Only one stretch of the records below should be repeated. It starts with the line containing "Vortex Black 2.0" and goes on through the line containing "Criandê Vaso Zen", exactly as written.

# [Excerpted records]

=-=-=

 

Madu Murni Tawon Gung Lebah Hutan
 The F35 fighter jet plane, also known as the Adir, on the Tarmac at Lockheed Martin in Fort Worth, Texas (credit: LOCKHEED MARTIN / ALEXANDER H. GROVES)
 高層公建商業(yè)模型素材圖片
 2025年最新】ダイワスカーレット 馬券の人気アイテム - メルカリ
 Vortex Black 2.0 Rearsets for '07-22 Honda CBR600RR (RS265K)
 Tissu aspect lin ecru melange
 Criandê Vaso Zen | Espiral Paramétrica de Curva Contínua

=-=-=

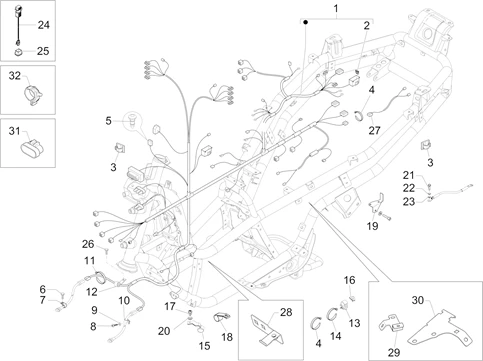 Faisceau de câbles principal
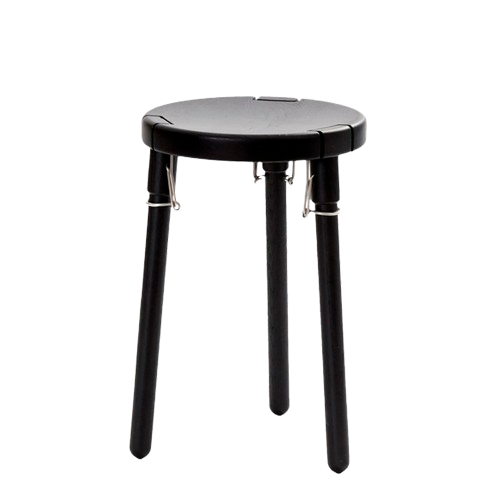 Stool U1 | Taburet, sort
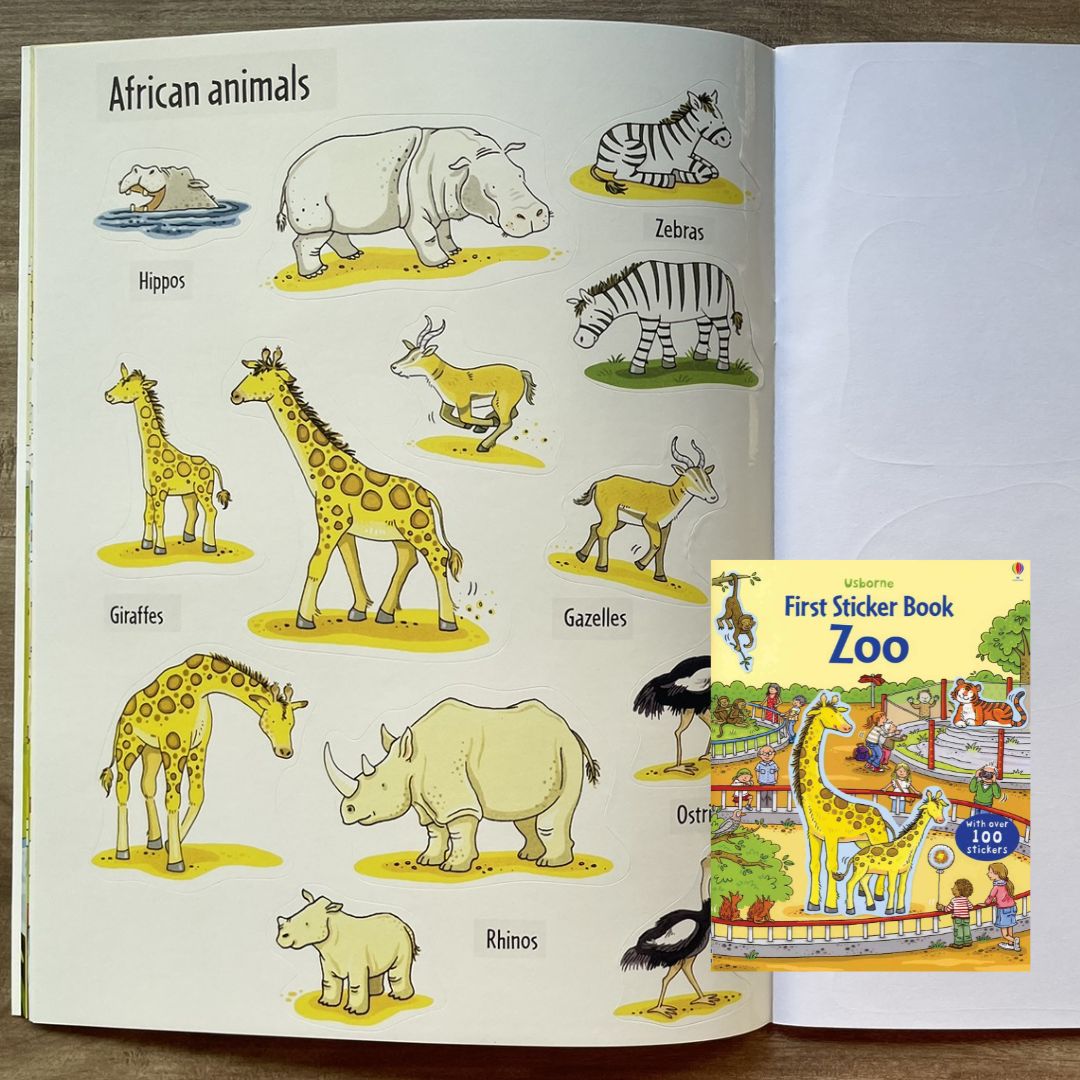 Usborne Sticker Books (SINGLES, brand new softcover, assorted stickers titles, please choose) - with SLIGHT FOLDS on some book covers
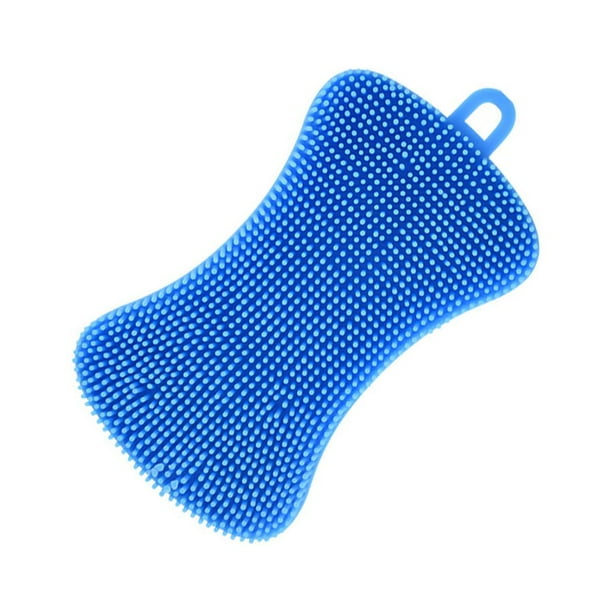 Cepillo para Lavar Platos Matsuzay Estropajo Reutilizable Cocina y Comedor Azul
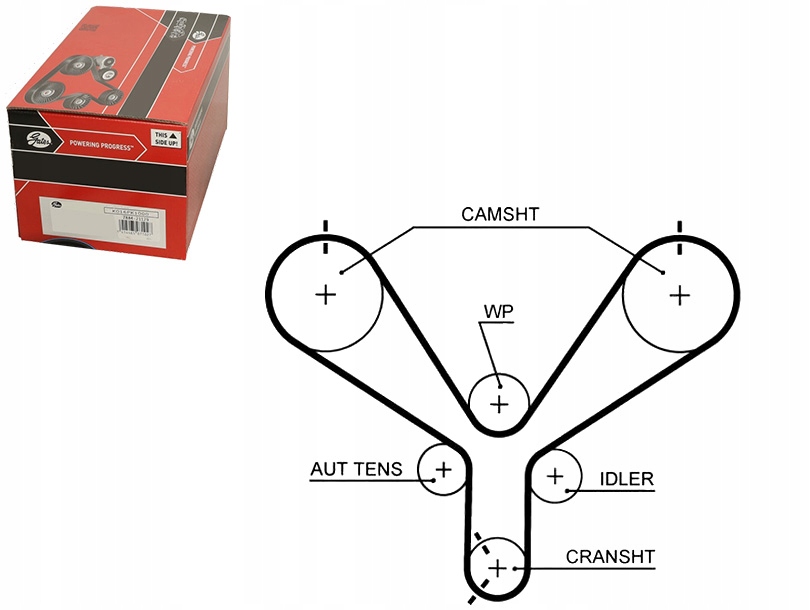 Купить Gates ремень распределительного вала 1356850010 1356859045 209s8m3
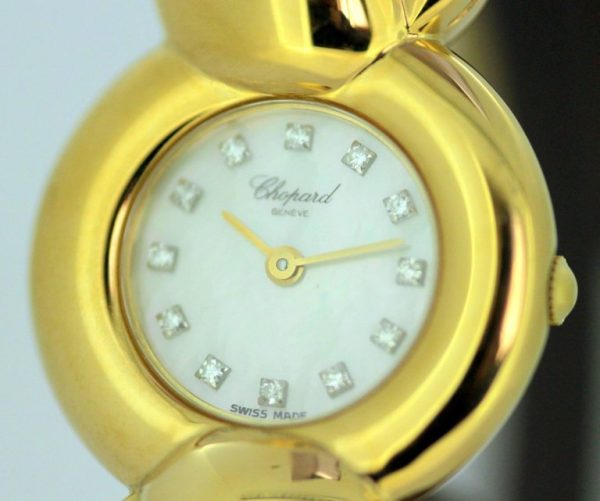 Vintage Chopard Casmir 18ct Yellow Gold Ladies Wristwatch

=-=-=

# [Solution for this exercise]
 Vortex Black 2.0 Rearsets for '07-22 Honda CBR600RR (RS265K)
 Tissu aspect lin ecru melange
 Criandê Vaso Zen | Espiral Paramétrica de Curva Contínua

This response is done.